Selain itu, dia memang tidak meniatkan sumpahnya itu sebagai penyangkalan, sehingga sumpahnya tetap dianggap berlaku. Ini adalah pendapat sekelompok ulama dan pandangan yang paling kuat dalam mazhab Syafi’i serta lebih diunggulkan dalam kitab al-Khulashah. Disebutkan dalam kitab al-Furu’ bahwa ini adalah pendapat yang paling kuat, sedangkan dalam kitab al-Inshaf disebutkan bahwa ini adalah pendapat yang benar, sekaligus pilihan Syaikh al-Islam Taqiyuddin Ibnu Taimiyah.
Jawaban 2: Jika dia memang bersumpah kepada sepupunya, “Demi Tanah Haram, kamu harus menghilangkan bangunan baru tersebut”. lalu mereka berdua berdamai dan sepakat untuk membiarkan bangunan baru tersebut, maka berarti dia telah melanggar sumpahnya sehingga wajib untuk membayar kafarat sebagai denda sumpah, yaitu: memberikan makanan atau pakaian kepada sepuluh orang miskin, serta memerdekakan seorang budak yang beriman.
Jika tidak memperoleh budak yang beriman, maka diganti dengan berpuasa selama tiga hari yang lebih bagus dilakukan secara berturut-turut.
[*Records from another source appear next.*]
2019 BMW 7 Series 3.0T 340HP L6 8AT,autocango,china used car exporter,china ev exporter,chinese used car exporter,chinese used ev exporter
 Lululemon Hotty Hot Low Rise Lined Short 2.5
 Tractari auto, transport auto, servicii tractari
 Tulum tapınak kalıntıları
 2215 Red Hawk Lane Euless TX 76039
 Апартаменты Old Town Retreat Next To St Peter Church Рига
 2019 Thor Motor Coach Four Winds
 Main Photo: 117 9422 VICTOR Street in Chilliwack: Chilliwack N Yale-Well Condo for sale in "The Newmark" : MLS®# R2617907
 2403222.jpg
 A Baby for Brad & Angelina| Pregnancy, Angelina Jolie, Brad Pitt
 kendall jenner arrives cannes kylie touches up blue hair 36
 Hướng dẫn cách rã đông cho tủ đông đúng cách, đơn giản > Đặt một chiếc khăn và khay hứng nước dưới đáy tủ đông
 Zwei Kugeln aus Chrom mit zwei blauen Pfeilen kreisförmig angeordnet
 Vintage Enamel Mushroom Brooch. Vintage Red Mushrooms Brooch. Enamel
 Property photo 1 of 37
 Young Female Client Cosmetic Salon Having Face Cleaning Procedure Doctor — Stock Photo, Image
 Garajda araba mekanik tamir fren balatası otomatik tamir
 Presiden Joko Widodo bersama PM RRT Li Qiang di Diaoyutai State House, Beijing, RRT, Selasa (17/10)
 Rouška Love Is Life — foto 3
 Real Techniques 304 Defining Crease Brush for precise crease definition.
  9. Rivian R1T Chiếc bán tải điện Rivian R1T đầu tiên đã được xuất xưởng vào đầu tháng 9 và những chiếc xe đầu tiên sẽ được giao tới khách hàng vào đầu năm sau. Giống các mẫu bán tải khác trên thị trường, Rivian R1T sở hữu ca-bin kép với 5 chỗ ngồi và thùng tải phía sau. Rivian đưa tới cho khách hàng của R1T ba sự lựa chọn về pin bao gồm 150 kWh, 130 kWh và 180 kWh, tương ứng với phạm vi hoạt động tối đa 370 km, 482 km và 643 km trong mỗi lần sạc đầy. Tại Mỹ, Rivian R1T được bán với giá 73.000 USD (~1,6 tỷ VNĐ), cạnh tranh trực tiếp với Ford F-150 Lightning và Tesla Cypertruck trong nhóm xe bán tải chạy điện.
Disamping itu, lantaran penanya hanya menyebutkan “Demi haram, anda harus menghilangkan bangunan yang baru tersebut” tanpa menyebut istrinya, maka ucapan ini tidak berpengaruh pada hukum menggauli istrinya.
Wabillahittaufiq, wa Shallallahu `Ala Nabiyyina Muhammad wa Alihi wa Shahbihi wa Sallam.